Wacana Haji Jalur Laut Mengemuka, Begini Respon Anggota Pansus Haji

Wacana Haji Jalur Laut Mengemuka, Begini Respon Anggota Pansus Haji

Ilustrasi ibadah haji-Pexels/ Yasir Gurbuz-

JAKARTA, RADARPENA.CO.ID – Wacana pemerintah untuk membuka kembali penyelenggaraan ibadah haji melalui jalur laut menuai respons dari kalangan legislatif.

Anggota Panitia Khusus (Pansus) Haji 2024, Luluk Nur Hamidah, menilai opsi ini belum mendesak dan justru perlu dievaluasi secara menyeluruh sebelum diterapkan.

Menurut Luluk, penyelenggaraan haji di Indonesia seharusnya lebih difokuskan pada perbaikan layanan haji jalur udara yang sudah tersedia saat ini.

BACA JUGA:Skandal Pemalsuan Beras, Ini Daftar 10 Perusahaan Diduga Lakukan Kecurangan

“Kalau konteksnya sekadar paket khusus untuk mereka yang ingin merasakan romantisme masa lalu, ya silakan. Tapi kalau dijadikan alternatif resmi, ya harus benar-benar dipikirkan matang,” ujarnya di Jakarta, Minggu (13/7/2025).

Luluk juga menyoroti ketimpangan dalam pengelolaan transportasi udara selama musim haji. Ia menilai ketergantungan terhadap satu maskapai nasional membuat pelayanan tidak maksimal.

“Kita punya banyak maskapai domestik, kenapa tidak dilibatkan? Selama ini kan seperti monopoli, dan ternyata tidak bisa memenuhi kebutuhan jamaah. Itu harus dievaluasi,” tegas politisi perempuan ini.

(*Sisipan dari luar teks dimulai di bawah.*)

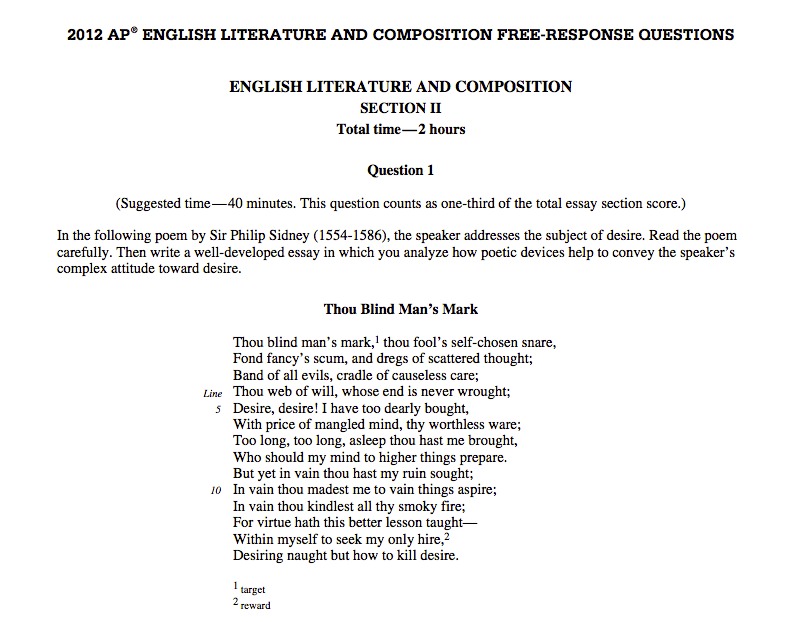 essay sample composition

Baginya, perbaikan manajemen dan pengawasan penerbangan haji jauh lebih prioritas daripada membuka wacana jalur laut.

Meski tidak menolak sepenuhnya, Luluk menilai bahwa haji jalur laut lebih cocok dikembangkan sebagai paket tambahan atau pengalaman spiritual, bukan sebagai jalur utama pengangkutan jamaah.

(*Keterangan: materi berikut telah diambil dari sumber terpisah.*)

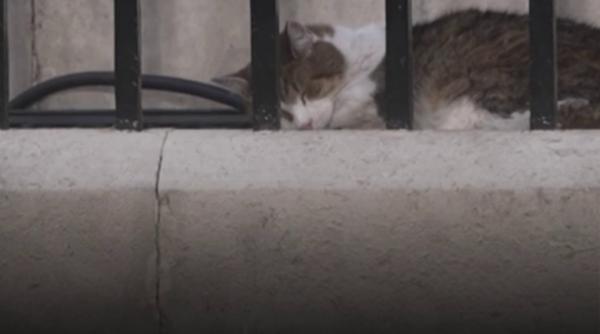 Larry, celebrul motan de la Downing Street, își așteaptă al șaptelea premier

BACA JUGA:Pemerintah Tegaskan: Bansos Bukan Solusi Jangka Panjang Atasi Kemiskinan

“Misalnya, ada biro wisata religi yang menawarkan konsep haji ala zaman dulu, dari Madinah ke Makkah jalan kaki, atau naik kapal laut seperti masa Rasulullah—itu bisa saja, tapi sifatnya opsional,” jelasnya.

Ia menegaskan, pembukaan jalur laut tidak boleh didasari oleh alasan ketidakmampuan pengelolaan jalur udara.

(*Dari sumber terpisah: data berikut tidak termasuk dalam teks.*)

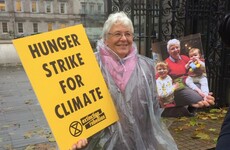 Grandmother launches hunger strike at Dáil gates in protest over Ireland's climate policies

“Kalau karena kita tidak mampu mengelola jalur udara dengan baik, lalu malah membuka opsi laut, itu yang berbahaya. Perlu kajian dan evaluasi mendalam,” katanya.

Sebelumnya, Menteri Agama Nasaruddin Umar mengakui bahwa kajian haji jalur laut masih jauh dari final.